■ Try it:
Could you give the listing again exactly, without its pictures?

■ Information shown:
····················
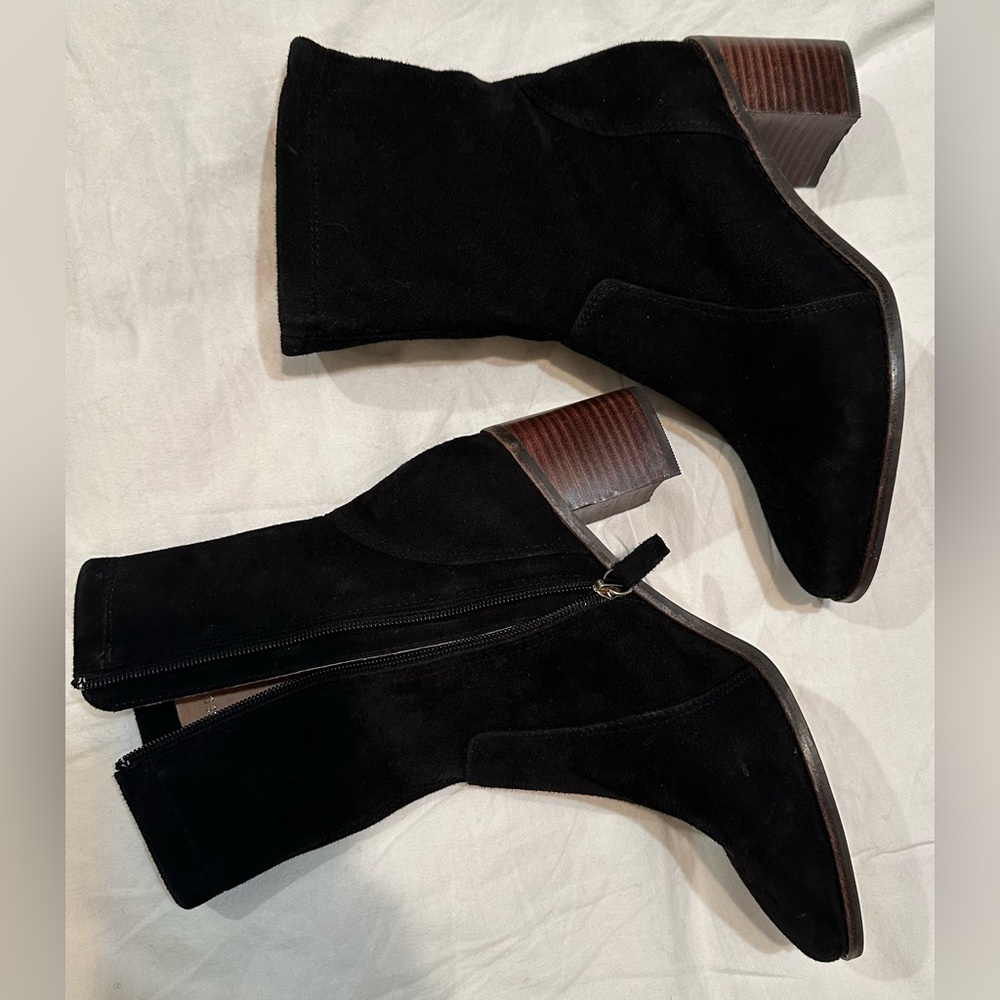JJill Jodie  Women Suede Boots, Black, US Size 8., Stacked Block Heel, Cond. NEW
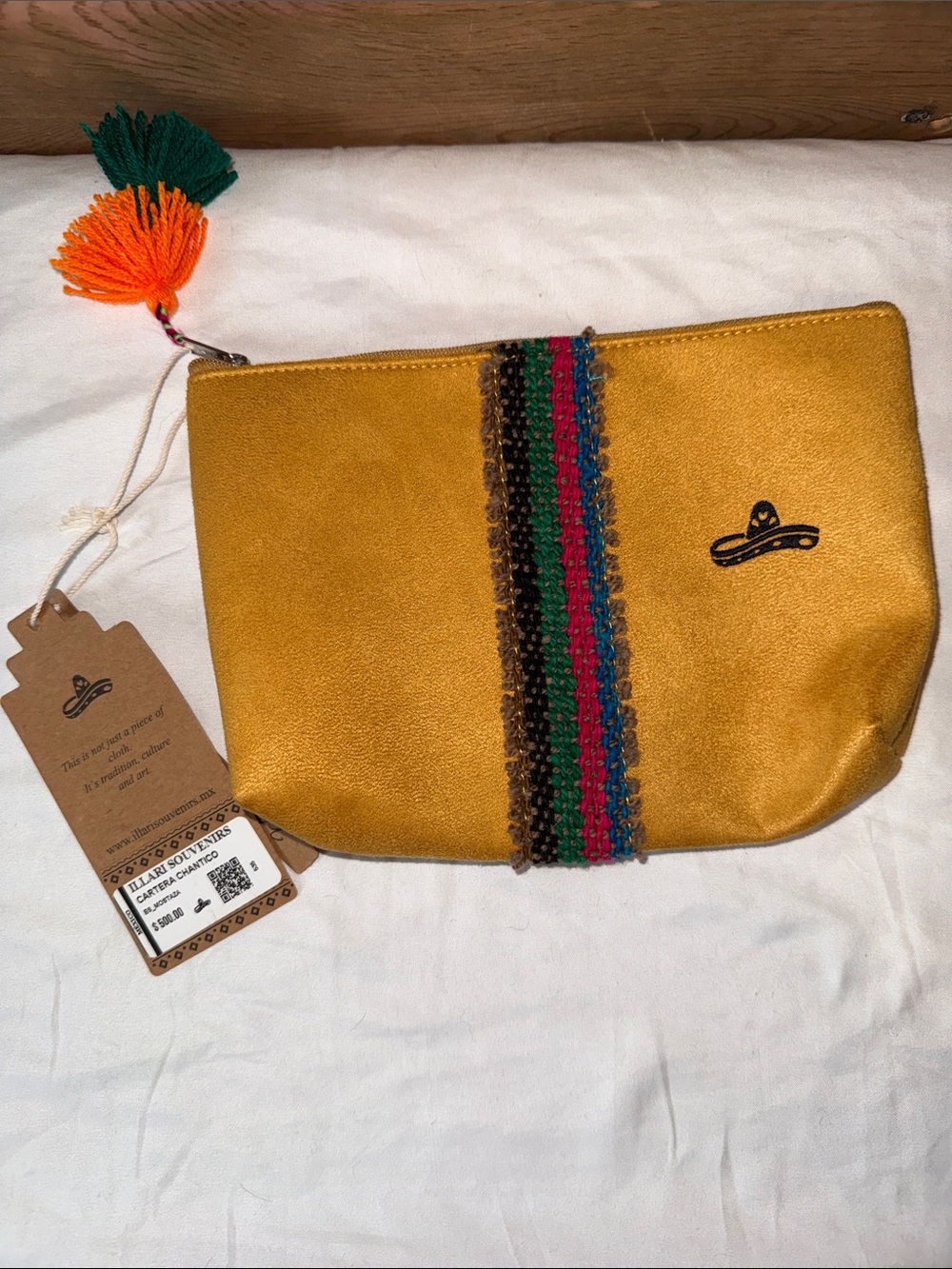Colorful Trim Mustard Yellow Wristlet Clutch from Mexico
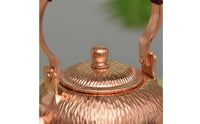 Hammered Copper Teapot Handcrafted Teapot with Woven Handle Tea Kettle for Collectors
····················
■ Answer for this exercise:
JJill Jodie  Women Suede Boots, Black, US Size 8., Stacked Block Heel, Cond. NEW
Colorful Trim Mustard Yellow Wristlet Clutch from Mexico
 Hammered Copper Teapot Handcrafted Teapot with Woven Handle Tea Kettle for Collectors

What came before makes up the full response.